The woman said: “Well they used to ring him and tell him that police were looking for me and stuff."

Det Con Robinson said: “Whether that assists in proving that you were having sexual relations with him, at that point, and him sexually abusing you at that point...depends what they can say and what they will say in a statement.

“I can't guarantee much as you'd like, if they walked in there and they saw you were having sex on the floor and they know that you're only 14 and they've seen this Asian male having sex with you, if they put that in a statement, they know full well they are going to get in the sh** because why didn't they do something about that?”

The woman answered: “That’s why I think some of them that I could give names won't, because they know I know stuff about them what they could get sacked for.”

Det Con Robinson replied: “So it may be that if we went to speak to that person, they might turn around and say: ‘I didn't see anything like that because (inaudible)’.

“You do have to bear in mind, although you think a professional is seeing something it doesn't mean they're necessarily going to do anything, and I can't force them to write something if they say I never saw it.
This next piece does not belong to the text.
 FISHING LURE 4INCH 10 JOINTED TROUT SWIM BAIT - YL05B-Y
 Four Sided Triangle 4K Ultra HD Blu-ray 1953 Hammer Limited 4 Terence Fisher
I can't force them to write it down.”

Det Con Robinson added: “They may say: ‘I walked in there and yeah they were laying on the floor under the duvet and I thought it's not really right, she's too young but that's all I saw and she was happy with it, and then we took her out there, and the next day she's back there.’
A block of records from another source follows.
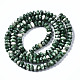 Chapelets de perles en jaspe à pois verts naturels(G-S366-128)-2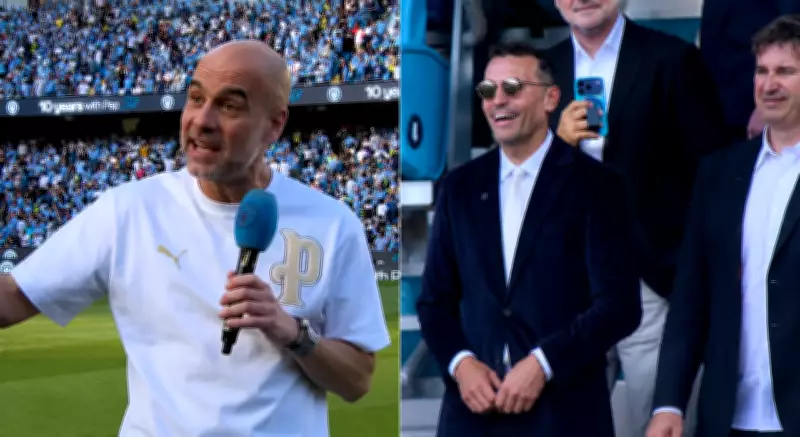 Pep Guardiola's Emotional Farewell at Manchester City Ends with X-Rated Line, Sky Sports Apologizes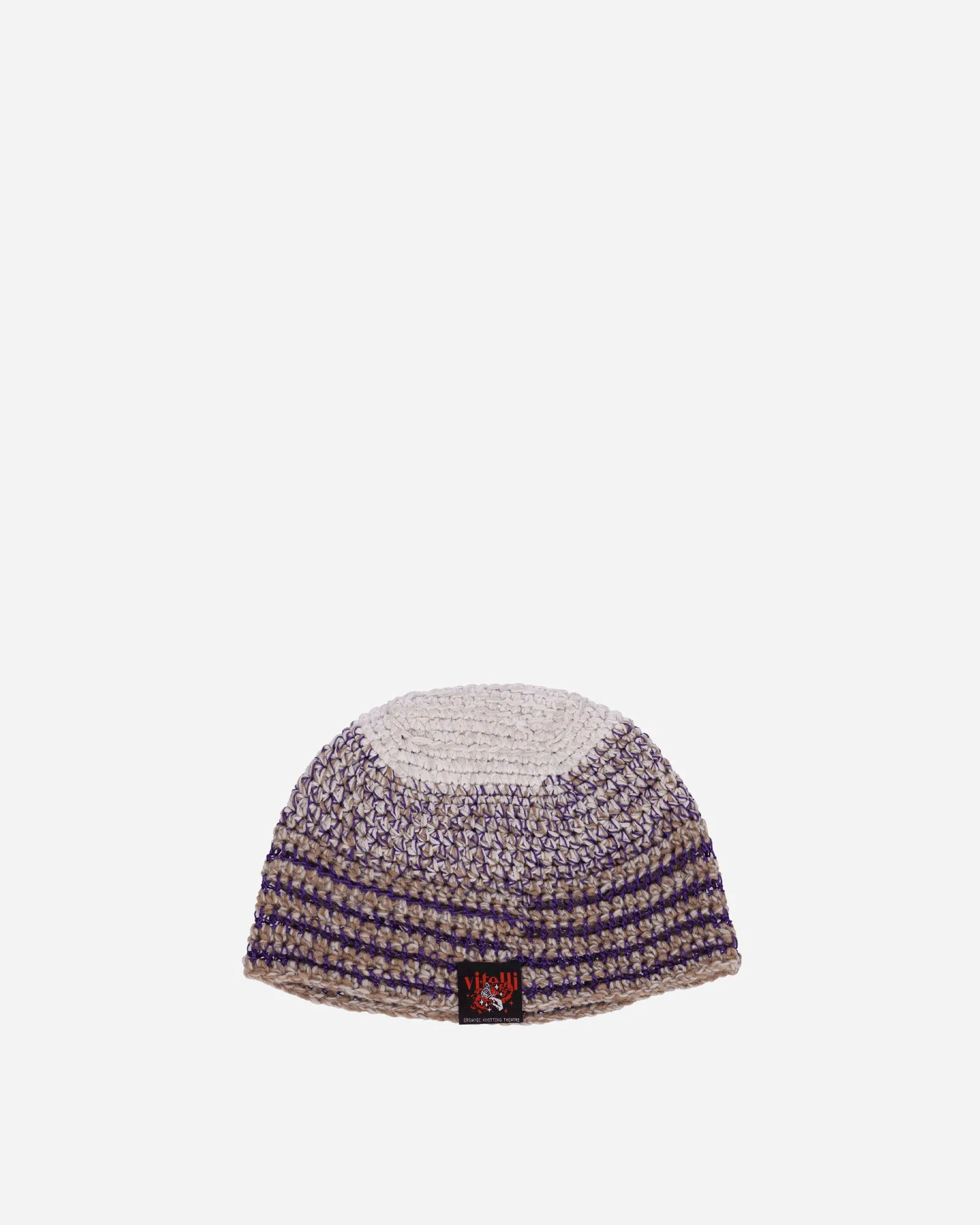 Vitelli Square Top Tunisian Lock Beanie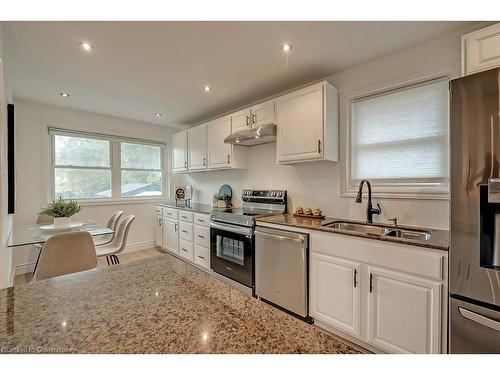 1452 Augustine Drive, Burlington, ON - Indoor Photo Showing Kitchen With Stainless Steel Kitchen With Double Sink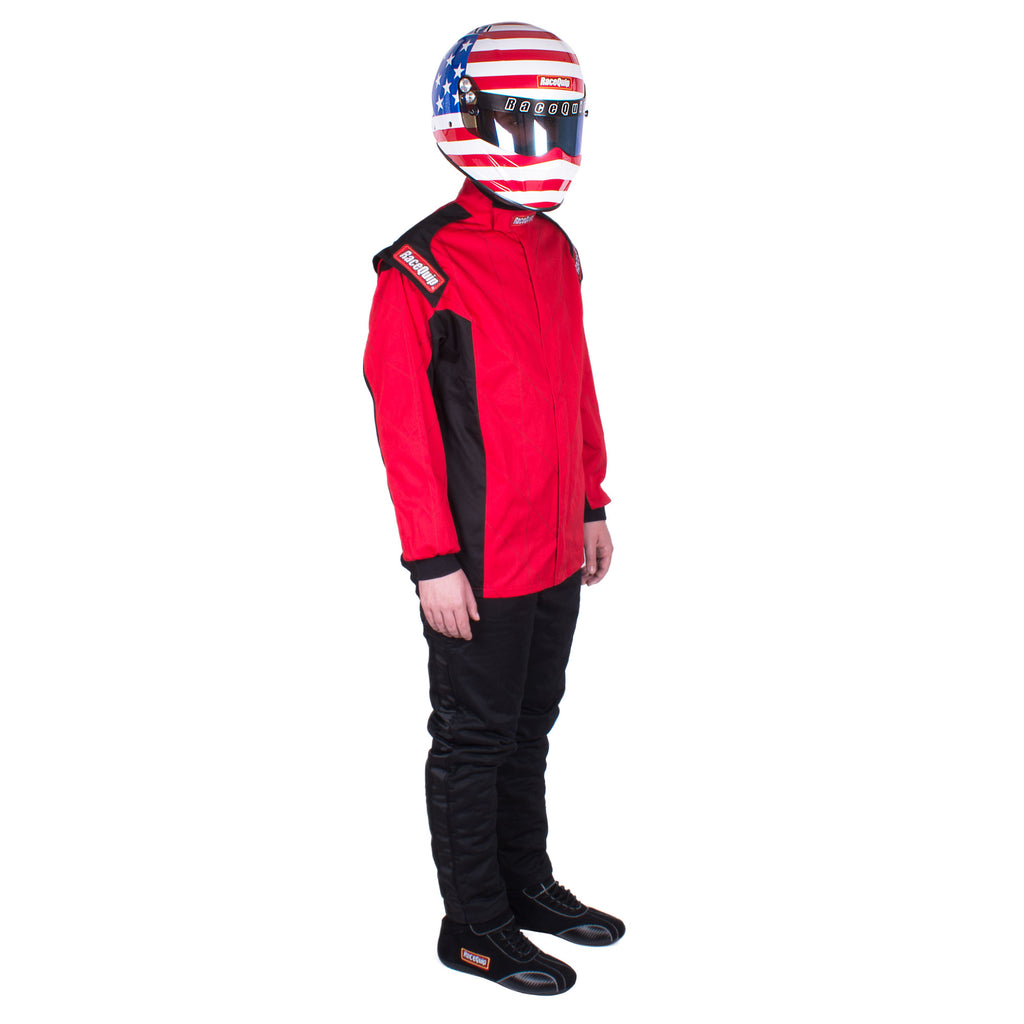 RaceQuip 131916 Single Layer Fire Suit Jacket Red XL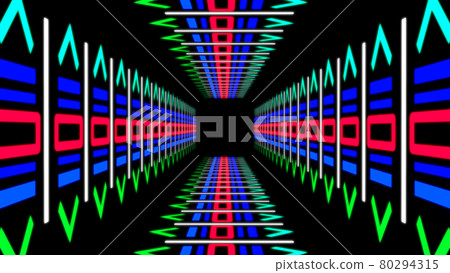 Cyber tunnel digital CG background wallpaper 80294315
“Opinions have changed now. Now we identify that as child abuse. Before they'd see it as sort of a ‘lovesick teenager that keeps going back to this fella and it’s so inappropriate, shouldn’t be going back, what can we do about it, drag her out, next night she's back there’.

“We now identify that as grooming process that has gone off and that's why you’re back there, but 10, 20 years ago it wasn’t identified.”

PC Garner then explained that today they would serve an abduction notice on the adult even if the child did not make a complaint, to which the woman said that “a lot had changed” and the abduction notices were “good”.